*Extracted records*
^^^^^^^^
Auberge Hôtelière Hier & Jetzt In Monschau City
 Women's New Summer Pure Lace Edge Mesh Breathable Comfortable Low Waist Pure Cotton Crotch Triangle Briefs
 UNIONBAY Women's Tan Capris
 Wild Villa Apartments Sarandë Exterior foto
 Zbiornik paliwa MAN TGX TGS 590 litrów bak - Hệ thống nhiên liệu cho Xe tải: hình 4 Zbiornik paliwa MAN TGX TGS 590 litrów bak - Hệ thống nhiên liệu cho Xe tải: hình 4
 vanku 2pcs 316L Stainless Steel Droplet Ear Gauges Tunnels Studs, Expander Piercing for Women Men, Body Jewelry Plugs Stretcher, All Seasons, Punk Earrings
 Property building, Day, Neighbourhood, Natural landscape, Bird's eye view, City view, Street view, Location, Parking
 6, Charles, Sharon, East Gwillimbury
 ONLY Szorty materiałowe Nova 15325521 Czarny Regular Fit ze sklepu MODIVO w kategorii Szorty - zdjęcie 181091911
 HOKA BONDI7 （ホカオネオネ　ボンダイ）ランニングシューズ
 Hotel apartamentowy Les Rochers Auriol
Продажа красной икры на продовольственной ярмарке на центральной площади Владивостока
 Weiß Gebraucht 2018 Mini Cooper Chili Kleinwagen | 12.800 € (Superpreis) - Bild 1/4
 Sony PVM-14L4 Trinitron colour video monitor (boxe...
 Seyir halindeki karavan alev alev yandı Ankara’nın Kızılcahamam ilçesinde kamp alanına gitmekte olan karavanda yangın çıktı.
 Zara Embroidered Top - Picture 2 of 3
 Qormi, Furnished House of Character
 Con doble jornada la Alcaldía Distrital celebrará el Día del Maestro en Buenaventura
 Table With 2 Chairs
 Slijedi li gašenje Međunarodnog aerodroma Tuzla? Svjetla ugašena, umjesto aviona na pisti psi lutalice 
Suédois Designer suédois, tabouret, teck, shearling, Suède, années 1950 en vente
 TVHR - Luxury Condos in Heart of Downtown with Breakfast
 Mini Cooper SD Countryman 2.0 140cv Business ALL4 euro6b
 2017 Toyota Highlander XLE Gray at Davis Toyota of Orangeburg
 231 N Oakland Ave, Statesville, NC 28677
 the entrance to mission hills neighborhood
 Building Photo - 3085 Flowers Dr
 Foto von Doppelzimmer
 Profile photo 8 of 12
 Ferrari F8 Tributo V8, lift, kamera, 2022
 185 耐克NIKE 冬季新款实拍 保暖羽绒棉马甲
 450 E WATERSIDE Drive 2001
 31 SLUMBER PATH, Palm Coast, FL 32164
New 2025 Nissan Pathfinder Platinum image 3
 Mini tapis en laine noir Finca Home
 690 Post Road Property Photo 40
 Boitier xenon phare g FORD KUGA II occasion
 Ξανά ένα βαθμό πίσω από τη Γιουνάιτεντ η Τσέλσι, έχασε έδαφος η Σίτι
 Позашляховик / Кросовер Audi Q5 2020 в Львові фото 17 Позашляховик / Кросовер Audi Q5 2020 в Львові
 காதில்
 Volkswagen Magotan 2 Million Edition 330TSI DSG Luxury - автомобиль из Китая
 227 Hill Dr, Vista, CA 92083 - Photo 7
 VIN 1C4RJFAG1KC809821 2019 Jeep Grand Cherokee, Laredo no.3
^^^^^^^^
*What to produce*
Could you return all lines from the records that include the word "City"?

*Exercise solution*
Auberge Hôtelière Hier & Jetzt In Monschau City
 Property building, Day, Neighbourhood, Natural landscape, Bird's eye view, City view, Street view, Location, Parking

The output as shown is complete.